Arguably, a nascent export-oriented textile sector deserves policy support and protection. That justifies the support this sector has received from the government in terms of tax exemptions, subsidies, duty-free bonded imports, or concessional credit. To ensure sustainability and lasting competitiveness it is just as important to put some limits to the support measures, by making them time bound and performance based. Also note that cash subsidies to backward linkage industries will be regarded as “domestic content” subsidies by the WTO and will become prohibitive for Bangladesh once it graduates out of LDC status in 2024. These are the plus and minus points to be reckoned with by all stakeholders in this dynamically growing and thriving sector.

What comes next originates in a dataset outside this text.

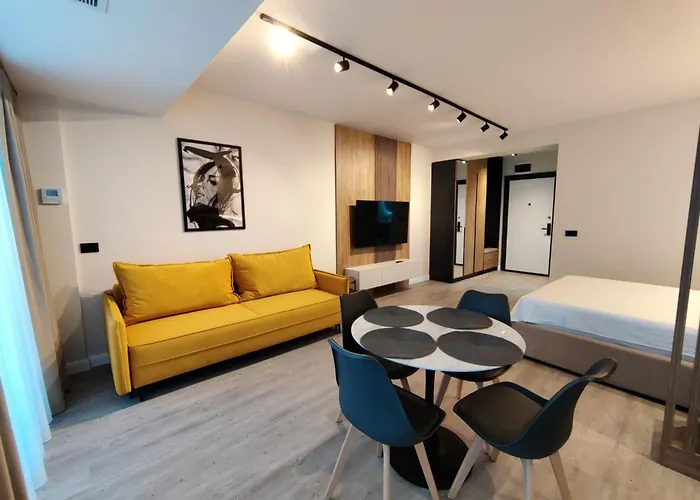 White Titanic Studio310 *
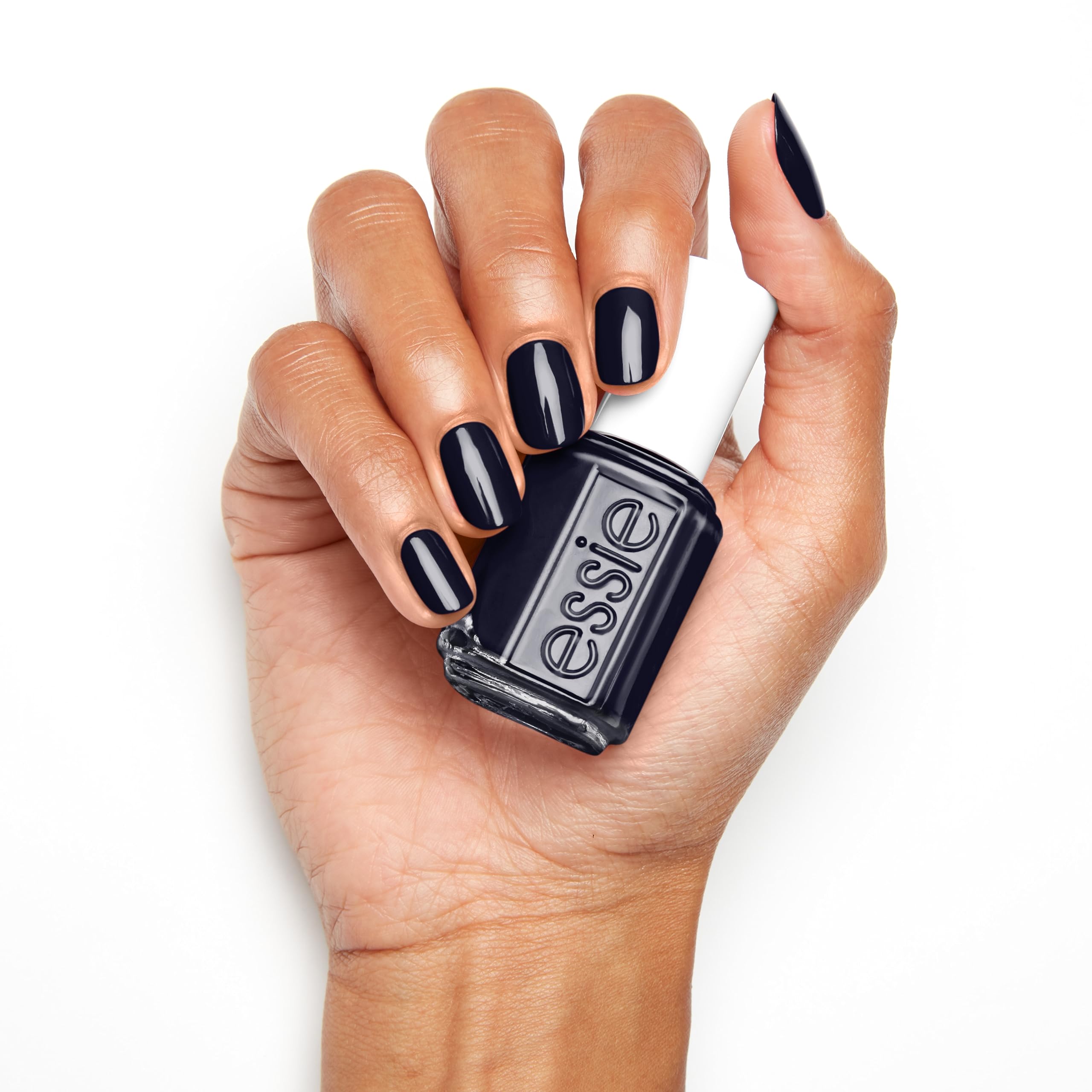 Brillo duradero con essie After School Boy Blazer que realza manicuras.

To conclude, we have come a long way since the days when RMG exports used to raise the spectra of a highly import-intensive activity generating very little foreign exchange net of import content. The strategy of developing backward linkage to the dynamic RMG sector has produced results – another feather in the Bangladesh policy cap. No longer can the primary textile sector be dismissed as a non-competitive domestic market-oriented industry. It is now predominantly an export-oriented sector with a smaller part dedicated to catering for domestic demand. This is import substitution par excellence based on comparative-advantage-following (CAF) approach of protection – that is, import substitution leading to export orientation. This is exactly the protection outcome trade economists have been looking for.